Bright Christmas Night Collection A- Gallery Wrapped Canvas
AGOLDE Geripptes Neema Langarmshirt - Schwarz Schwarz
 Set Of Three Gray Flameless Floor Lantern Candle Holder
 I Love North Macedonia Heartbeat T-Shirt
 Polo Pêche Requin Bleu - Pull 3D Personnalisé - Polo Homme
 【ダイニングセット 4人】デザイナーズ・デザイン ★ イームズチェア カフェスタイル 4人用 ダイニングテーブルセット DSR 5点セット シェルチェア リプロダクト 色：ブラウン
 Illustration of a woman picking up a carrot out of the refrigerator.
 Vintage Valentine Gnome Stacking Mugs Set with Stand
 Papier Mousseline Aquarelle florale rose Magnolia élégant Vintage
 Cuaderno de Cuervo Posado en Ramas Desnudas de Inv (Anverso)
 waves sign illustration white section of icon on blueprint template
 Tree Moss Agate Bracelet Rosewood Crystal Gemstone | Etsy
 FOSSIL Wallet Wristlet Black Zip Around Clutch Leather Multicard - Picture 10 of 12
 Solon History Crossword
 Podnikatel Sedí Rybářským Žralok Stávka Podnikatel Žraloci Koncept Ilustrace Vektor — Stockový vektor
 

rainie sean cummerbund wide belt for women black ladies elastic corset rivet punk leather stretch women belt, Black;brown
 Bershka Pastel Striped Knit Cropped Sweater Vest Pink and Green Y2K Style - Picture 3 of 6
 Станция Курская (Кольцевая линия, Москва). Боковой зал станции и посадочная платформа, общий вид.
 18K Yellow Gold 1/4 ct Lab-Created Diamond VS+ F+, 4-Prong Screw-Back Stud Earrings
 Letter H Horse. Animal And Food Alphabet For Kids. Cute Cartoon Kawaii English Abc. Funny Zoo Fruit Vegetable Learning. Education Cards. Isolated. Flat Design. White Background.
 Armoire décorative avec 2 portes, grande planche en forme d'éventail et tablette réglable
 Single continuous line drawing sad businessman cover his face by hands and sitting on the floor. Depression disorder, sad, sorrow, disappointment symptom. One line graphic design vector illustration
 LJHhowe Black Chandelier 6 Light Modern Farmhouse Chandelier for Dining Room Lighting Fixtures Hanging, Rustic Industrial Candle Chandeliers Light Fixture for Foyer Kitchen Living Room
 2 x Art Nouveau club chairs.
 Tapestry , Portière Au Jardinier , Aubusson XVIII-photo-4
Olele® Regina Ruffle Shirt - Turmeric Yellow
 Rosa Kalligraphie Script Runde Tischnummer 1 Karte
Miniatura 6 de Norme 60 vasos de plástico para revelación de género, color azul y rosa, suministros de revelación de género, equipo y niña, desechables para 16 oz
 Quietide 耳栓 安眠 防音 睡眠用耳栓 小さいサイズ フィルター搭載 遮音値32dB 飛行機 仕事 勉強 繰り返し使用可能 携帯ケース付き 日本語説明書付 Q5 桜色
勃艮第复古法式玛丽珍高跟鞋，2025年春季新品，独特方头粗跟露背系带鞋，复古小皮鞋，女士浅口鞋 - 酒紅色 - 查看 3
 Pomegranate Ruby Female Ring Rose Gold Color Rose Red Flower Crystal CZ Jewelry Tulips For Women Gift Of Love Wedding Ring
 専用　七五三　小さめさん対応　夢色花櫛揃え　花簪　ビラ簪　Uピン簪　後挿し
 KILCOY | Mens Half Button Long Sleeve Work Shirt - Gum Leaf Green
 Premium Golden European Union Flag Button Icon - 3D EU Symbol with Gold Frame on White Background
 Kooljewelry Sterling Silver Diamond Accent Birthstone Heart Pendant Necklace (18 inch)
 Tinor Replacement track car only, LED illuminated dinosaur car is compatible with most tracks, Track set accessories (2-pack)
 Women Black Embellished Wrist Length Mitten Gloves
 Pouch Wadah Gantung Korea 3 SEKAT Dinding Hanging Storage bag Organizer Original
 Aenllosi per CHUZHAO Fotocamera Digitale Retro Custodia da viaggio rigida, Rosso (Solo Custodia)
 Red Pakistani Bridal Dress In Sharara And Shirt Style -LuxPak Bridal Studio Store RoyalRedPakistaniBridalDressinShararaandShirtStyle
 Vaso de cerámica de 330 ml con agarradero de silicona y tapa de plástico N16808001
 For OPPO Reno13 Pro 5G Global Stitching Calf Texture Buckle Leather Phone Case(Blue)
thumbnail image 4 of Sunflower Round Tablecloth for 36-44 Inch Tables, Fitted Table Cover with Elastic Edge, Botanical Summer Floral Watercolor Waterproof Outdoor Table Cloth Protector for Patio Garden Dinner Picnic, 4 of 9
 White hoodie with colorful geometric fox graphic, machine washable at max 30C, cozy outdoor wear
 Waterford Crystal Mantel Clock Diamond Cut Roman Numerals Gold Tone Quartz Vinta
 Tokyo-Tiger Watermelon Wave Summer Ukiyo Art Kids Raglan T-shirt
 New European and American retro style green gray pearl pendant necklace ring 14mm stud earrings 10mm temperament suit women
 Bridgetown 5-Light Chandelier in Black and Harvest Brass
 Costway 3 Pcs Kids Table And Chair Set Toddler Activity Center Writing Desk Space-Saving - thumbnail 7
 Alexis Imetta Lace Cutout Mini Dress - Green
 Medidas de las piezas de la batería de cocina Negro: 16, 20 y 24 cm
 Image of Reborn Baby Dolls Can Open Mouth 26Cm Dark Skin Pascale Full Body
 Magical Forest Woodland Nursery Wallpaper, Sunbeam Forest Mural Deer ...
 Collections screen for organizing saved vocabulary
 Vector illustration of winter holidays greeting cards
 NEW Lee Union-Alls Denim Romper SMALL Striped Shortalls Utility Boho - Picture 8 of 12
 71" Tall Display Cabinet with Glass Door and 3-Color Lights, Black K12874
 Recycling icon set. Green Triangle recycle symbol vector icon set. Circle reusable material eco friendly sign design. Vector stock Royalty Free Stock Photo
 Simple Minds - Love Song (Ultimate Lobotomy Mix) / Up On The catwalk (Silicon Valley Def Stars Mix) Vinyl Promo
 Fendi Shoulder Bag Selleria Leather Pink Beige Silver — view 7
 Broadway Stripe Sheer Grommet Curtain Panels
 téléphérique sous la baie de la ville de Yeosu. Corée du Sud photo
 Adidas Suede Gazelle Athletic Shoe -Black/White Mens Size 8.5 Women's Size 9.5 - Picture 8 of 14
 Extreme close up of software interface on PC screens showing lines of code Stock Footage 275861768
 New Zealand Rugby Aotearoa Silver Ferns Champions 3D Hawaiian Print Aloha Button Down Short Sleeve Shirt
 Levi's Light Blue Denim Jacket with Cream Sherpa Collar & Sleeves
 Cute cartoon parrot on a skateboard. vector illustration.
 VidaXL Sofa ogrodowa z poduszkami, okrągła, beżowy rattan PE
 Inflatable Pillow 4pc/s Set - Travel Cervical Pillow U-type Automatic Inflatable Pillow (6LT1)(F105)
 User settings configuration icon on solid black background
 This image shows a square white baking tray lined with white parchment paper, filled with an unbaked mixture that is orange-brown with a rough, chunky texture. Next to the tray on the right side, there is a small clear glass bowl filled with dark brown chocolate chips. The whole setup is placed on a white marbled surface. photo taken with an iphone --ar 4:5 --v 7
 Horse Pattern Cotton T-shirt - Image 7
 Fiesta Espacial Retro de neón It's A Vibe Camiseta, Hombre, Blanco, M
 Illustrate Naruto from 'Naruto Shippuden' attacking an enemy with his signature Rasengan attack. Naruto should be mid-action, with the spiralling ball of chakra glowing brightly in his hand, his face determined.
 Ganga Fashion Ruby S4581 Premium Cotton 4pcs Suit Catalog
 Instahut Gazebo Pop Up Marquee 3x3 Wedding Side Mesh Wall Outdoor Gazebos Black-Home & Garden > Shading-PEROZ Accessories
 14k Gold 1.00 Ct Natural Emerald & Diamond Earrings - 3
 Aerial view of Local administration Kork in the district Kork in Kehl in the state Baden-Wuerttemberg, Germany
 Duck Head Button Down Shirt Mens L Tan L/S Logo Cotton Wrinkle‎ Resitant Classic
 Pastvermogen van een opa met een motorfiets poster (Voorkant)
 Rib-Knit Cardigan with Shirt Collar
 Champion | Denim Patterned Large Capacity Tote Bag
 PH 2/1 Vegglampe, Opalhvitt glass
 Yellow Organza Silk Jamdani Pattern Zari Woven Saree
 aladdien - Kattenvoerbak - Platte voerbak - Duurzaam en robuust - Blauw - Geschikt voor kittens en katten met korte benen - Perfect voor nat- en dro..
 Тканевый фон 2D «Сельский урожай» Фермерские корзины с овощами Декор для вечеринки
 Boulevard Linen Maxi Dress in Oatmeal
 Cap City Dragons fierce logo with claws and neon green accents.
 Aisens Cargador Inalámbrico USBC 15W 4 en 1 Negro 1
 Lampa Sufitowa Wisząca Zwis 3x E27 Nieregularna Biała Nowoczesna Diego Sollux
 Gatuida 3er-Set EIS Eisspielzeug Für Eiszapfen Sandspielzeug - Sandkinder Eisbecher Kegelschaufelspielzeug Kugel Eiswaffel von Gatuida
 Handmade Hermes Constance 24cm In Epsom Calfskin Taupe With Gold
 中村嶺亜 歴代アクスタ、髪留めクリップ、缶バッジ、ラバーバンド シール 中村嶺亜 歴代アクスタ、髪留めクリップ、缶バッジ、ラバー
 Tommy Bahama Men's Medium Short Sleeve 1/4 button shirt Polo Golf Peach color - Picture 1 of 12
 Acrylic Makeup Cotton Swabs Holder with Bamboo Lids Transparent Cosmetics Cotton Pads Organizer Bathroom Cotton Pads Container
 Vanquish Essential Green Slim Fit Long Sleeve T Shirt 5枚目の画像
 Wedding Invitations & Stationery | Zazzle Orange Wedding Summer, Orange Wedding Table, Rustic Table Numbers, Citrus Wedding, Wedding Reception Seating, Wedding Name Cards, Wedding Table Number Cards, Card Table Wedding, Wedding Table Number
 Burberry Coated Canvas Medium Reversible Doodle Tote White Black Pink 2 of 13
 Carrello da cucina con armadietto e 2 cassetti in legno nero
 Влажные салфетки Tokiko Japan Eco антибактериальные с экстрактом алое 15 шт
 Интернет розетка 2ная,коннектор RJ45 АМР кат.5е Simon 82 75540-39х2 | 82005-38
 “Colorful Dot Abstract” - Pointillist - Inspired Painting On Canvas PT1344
··········
REQUIREMENT: In the data above, find the line that contains "Tinor Replacement track" and the line that contains "Tokyo-Tiger Watermelon Wave". Repeat exactly those lines and every line between them, and only those.

TASK RESULT:
 Tinor Replacement track car only, LED illuminated dinosaur car is compatible with most tracks, Track set accessories (2-pack)
 Women Black Embellished Wrist Length Mitten Gloves
 Pouch Wadah Gantung Korea 3 SEKAT Dinding Hanging Storage bag Organizer Original
 Aenllosi per CHUZHAO Fotocamera Digitale Retro Custodia da viaggio rigida, Rosso (Solo Custodia)
 Red Pakistani Bridal Dress In Sharara And Shirt Style -LuxPak Bridal Studio Store RoyalRedPakistaniBridalDressinShararaandShirtStyle
 Vaso de cerámica de 330 ml con agarradero de silicona y tapa de plástico N16808001
 For OPPO Reno13 Pro 5G Global Stitching Calf Texture Buckle Leather Phone Case(Blue)
thumbnail image 4 of Sunflower Round Tablecloth for 36-44 Inch Tables, Fitted Table Cover with Elastic Edge, Botanical Summer Floral Watercolor Waterproof Outdoor Table Cloth Protector for Patio Garden Dinner Picnic, 4 of 9
 White hoodie with colorful geometric fox graphic, machine washable at max 30C, cozy outdoor wear
 Waterford Crystal Mantel Clock Diamond Cut Roman Numerals Gold Tone Quartz Vinta
 Tokyo-Tiger Watermelon Wave Summer Ukiyo Art Kids Raglan T-shirt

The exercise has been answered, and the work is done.